ほくそ笑むプーチン。米中の内政事情で泥沼化するウクライナ戦争

 

しかしながら、バイデン政権の動きは鈍いままです。物価高への対策としては、

「ロシアのウクライ侵攻を止めさせて、原油価格を安定させる」

「中国のゼロコロナ政策を止めさせて、生産体制を復活させる」

「中国と協議して、サプライチェーンと物流の問題を改善する」

という具体的な3つの政策を実施しなくてはなりません。また、この3つを実施すれば物価は沈静化します。ですが、バイデンは動きません。その代わり、バイデンと民主党が必死になっているのは、現時点では次の2つです。

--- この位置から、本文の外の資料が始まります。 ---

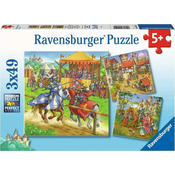 Ravensburger Puzzle Viteški turnir 3x49 kosov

「2021年1月6日の議会暴動事件について議会による公聴会を実施して、トランプの関与を暴き出す」

「5月以来頻発している乱射事件を受けて、銃規制を少しでも実現する」

という2つの政策です。どちらも大切ですし、民主党内の求心力にはなるでしょう。議会民主党は必死になってやっています。ですが、今現在のアメリカの課題は「1に物価、2に物価、3、4がなくて、5も物価」とでも言うような状況です。にもかかわらず、バイデンの姿勢は受け身そのものです。「中国とロシアが悪い」と言うことで、まるで自分に責任はないかのようなのです。

そこにはある種の計算があると思います。それは、この状況については共和党も同じように何もできないだろうという思いです。多分そうなのでしょう。ですが、バイデンが計算できていないのは、国民の不満は「現職批判」として、自分に向けられるということです。

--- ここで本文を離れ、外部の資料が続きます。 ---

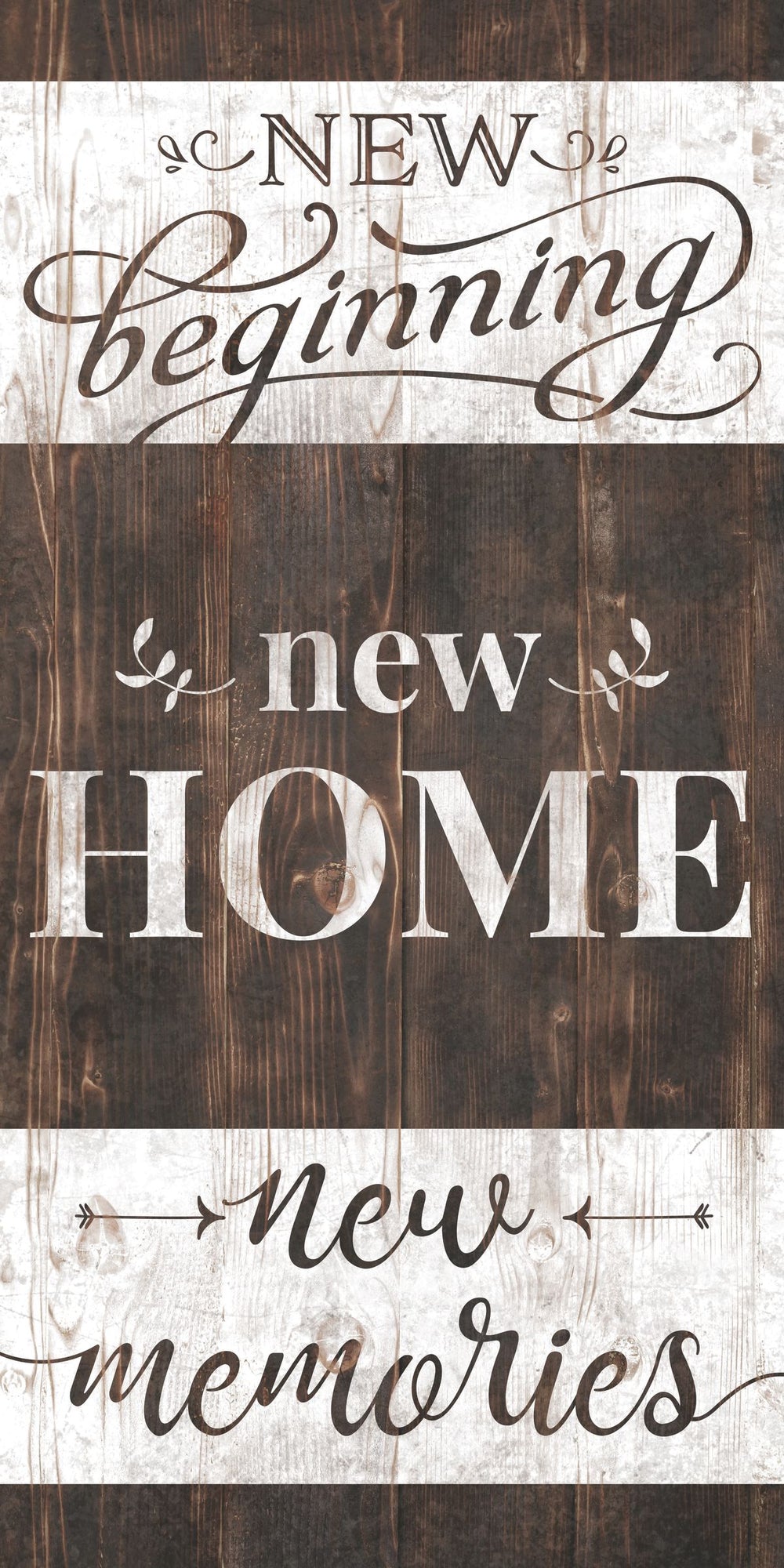 Rustic New Home Typography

勿論、バイデンにも計算があって、共和党がどんどんトランプ派になれば、中間層は離反して自分には有利になるということは考えているのだと思います。また、トランプ訴追の問題、銃規制の問題に続いて、この夏は妊娠中絶禁止法の合憲判断が予想されます。つまり民主党とその支持者にとっては、そうした「文化戦争」に燃えてしまうということであり、バイデンとしてはこれに乗って民主党支持者を固めるしかないということかもしれません。

ですが、バイデンにも死角はあります。それは、仮に何らかのキッカケがあって、共和党の大勢が「正気に戻る」という可能性です。つまりトランプの呪縛から自由になって、昔のような「小さな政府」+「自由経済」+「原則より実利の外交」に転じた場合には、バイデンに代わる勢力となりうるということです。

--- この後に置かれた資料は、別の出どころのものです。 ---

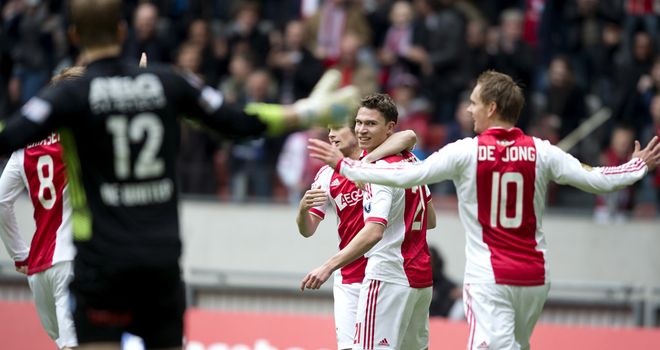 Derk Boerrigter: Bagged a brace for Ajax in victory over De Graafschap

もう1つの可能性は、このままバイデンが求心力を失うというシナリオです。民主党内では、ここへ来て「2024年問題」が公然と語られるようになってきました。次回2024年の大統領選に、バイデンは出るのか、バイデン以外の可能性を考えておかなくていいのかといった議論です。

こうした議論が公然と出てくるということは、政権が揺らいでるということであり、今年、2022年11月の中間選挙の結果次第では、バイデン政権は死に体になってしまうかもしれません。問題は、今が6月ですから11月の中間選挙まで、まだ5ヶ月もあるということです。その間に、ドラスティックな政策が打てないようですと、アメリカは本当にスタグフレーション(インフレ下の不況)に陥ってしまうかもしれないのです。